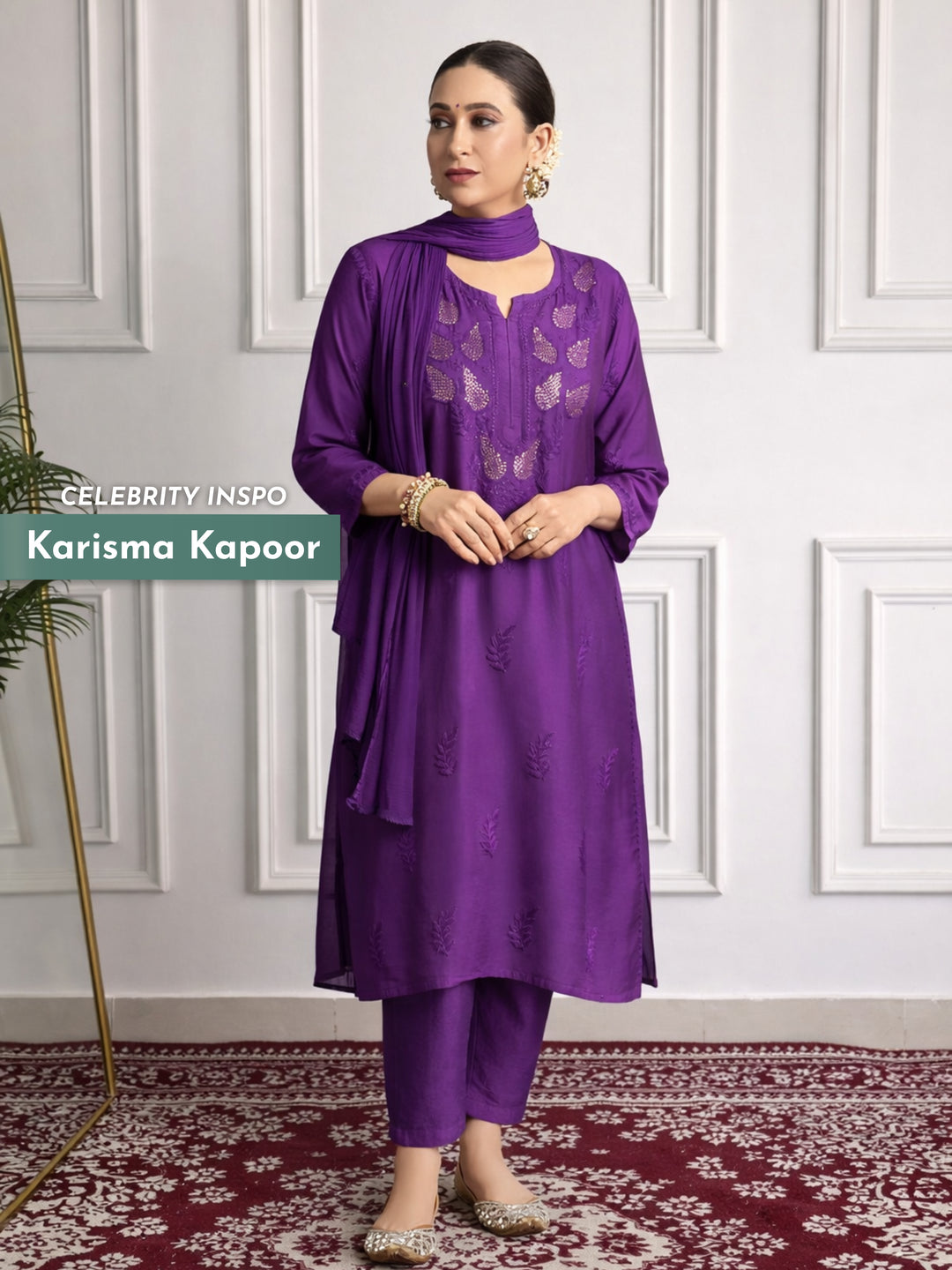 Karisma Chanderi Chikankari Mukaish Straight Kurta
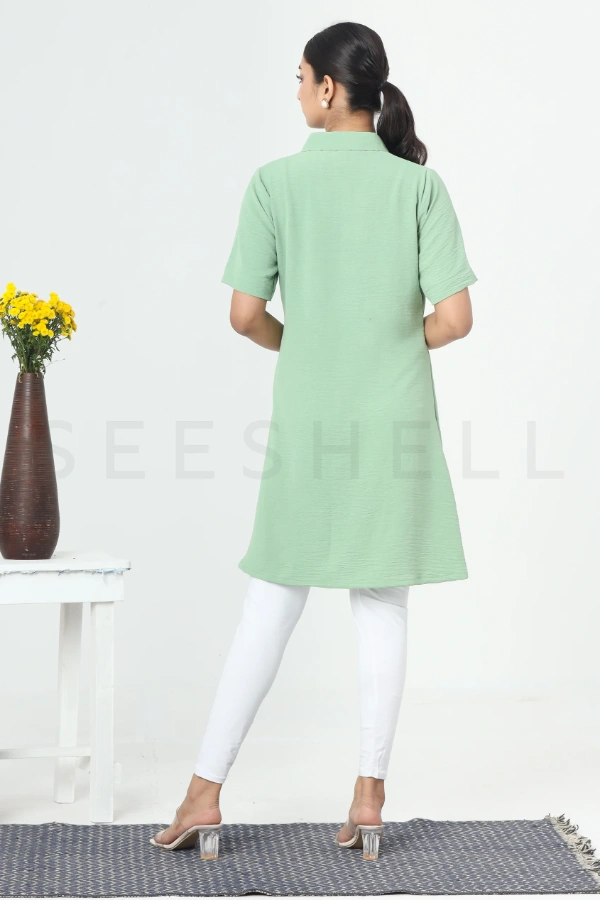 Pistachio green Tambour work long tops — 3
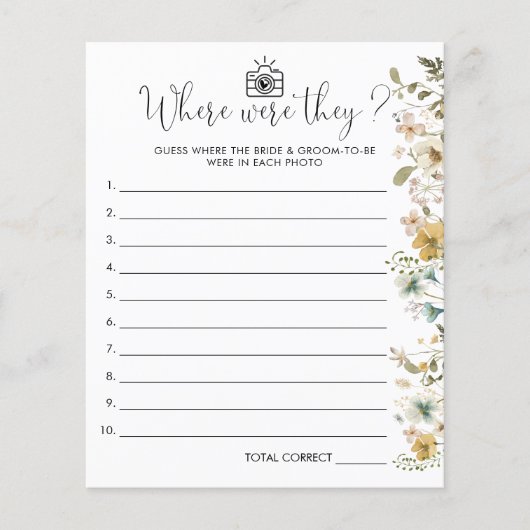 Papier Fleur sauvage Chic Où Étaient-Ils Fête des mariées (Devant)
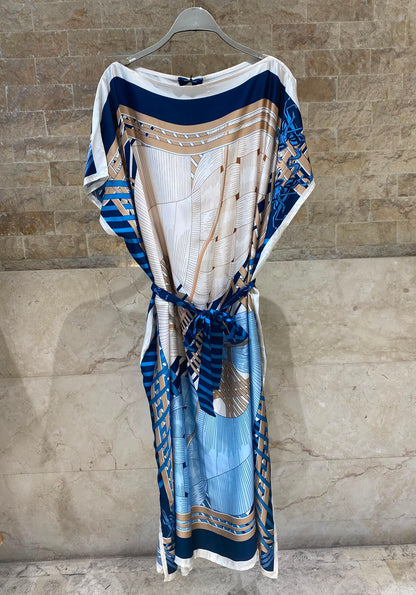 KD7850VS Equestrian Inspired Print Satin Kaftan Dress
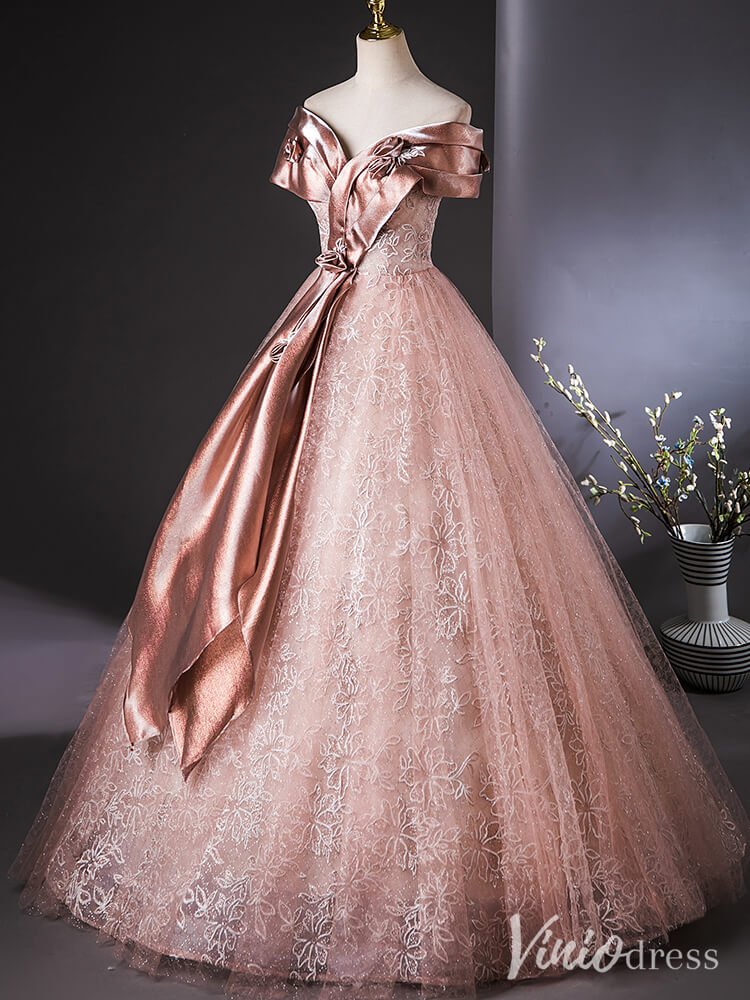 Pink Off the Shoulder Quinceanera Dresses Sparkly Lace Ball Gown AD1382 - Viniodressprom dressesPinkCustom Size - Formal Dresses - Ball Gowns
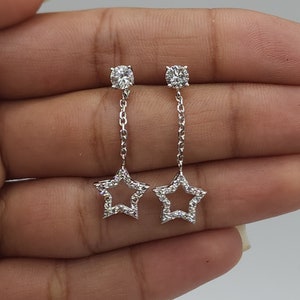 0.90 Ct Diamond Earrings, 14Kt Gold Lab Grown Diamond Earrings, Open Star Diamond Dangle Stud Earrings image 5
==========
EXERCISE OBJECTIVE: Without including any pictures, print each record exactly.

ANSWER BELOW:
 Karisma Chanderi Chikankari Mukaish Straight Kurta
 Pistachio green Tambour work long tops — 3
 Papier Fleur sauvage Chic Où Étaient-Ils Fête des mariées (Devant)
 KD7850VS Equestrian Inspired Print Satin Kaftan Dress
 Pink Off the Shoulder Quinceanera Dresses Sparkly Lace Ball Gown AD1382 - Viniodressprom dressesPinkCustom Size - Formal Dresses - Ball Gowns
 0.90 Ct Diamond Earrings, 14Kt Gold Lab Grown Diamond Earrings, Open Star Diamond Dangle Stud Earrings image 5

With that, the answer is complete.